* COLLECTED DATA
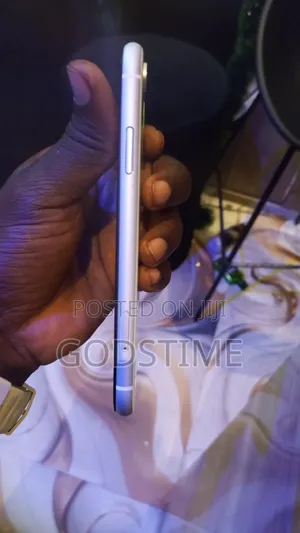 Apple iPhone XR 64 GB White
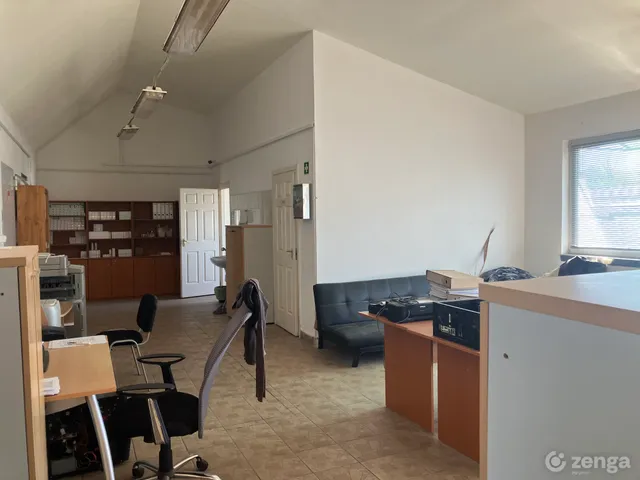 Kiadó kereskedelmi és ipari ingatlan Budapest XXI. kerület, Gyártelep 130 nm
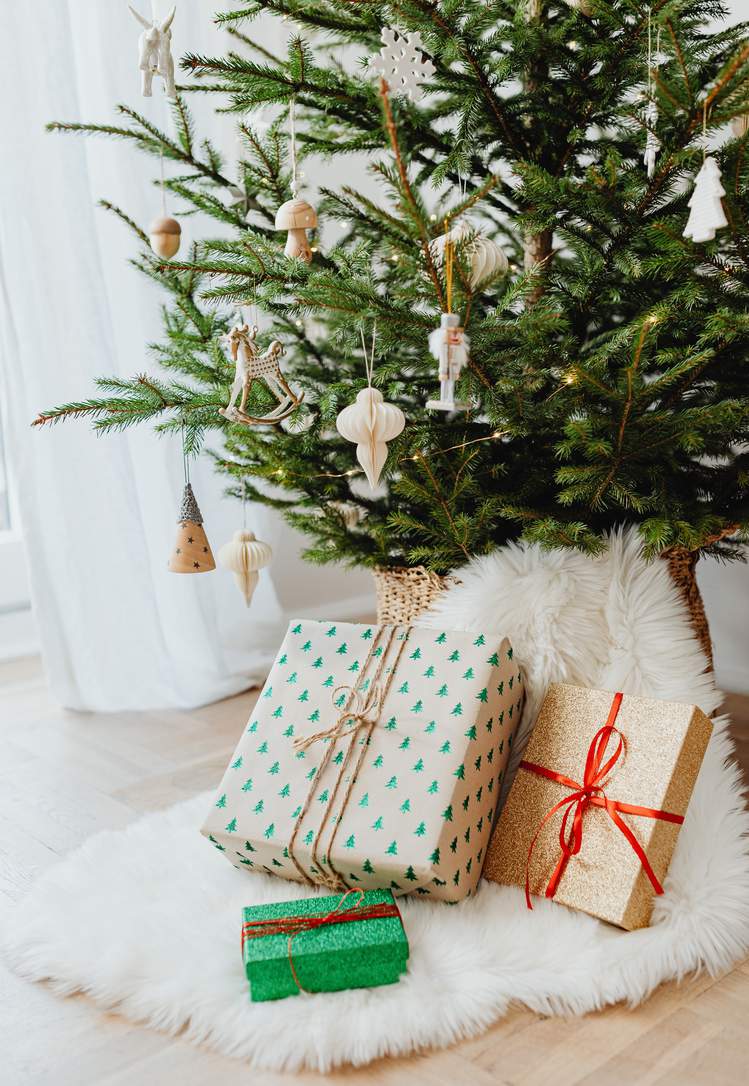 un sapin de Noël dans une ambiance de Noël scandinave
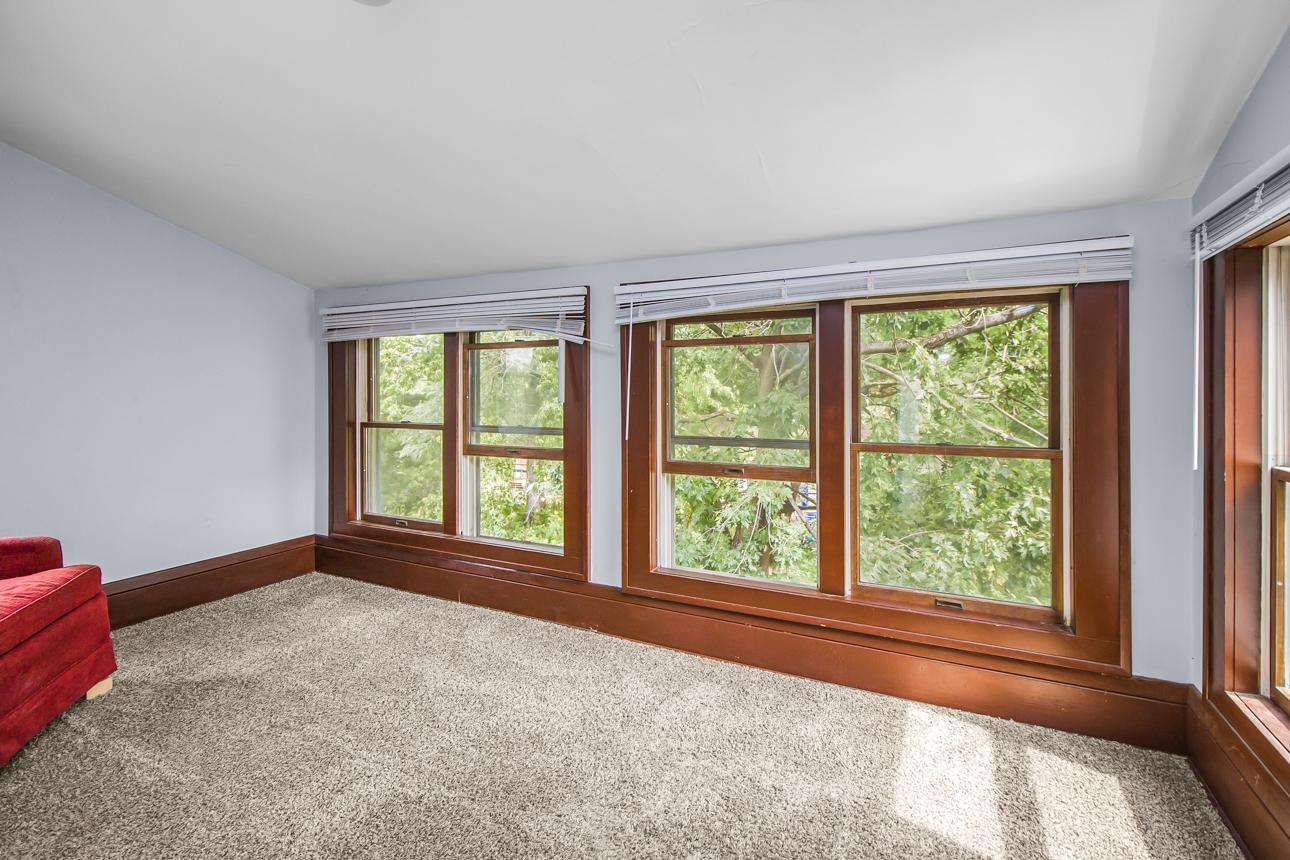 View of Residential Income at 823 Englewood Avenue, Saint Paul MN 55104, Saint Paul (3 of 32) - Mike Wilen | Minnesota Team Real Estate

* YOUR ASSIGNMENT
The aim is an exact repeat of the entire listing, stripped of pictures.

* SOLUTION TO THIS PROBLEM
 Apple iPhone XR 64 GB White
 Kiadó kereskedelmi és ipari ingatlan Budapest XXI. kerület, Gyártelep 130 nm
 un sapin de Noël dans une ambiance de Noël scandinave
 View of Residential Income at 823 Englewood Avenue, Saint Paul MN 55104, Saint Paul (3 of 32) - Mike Wilen | Minnesota Team Real Estate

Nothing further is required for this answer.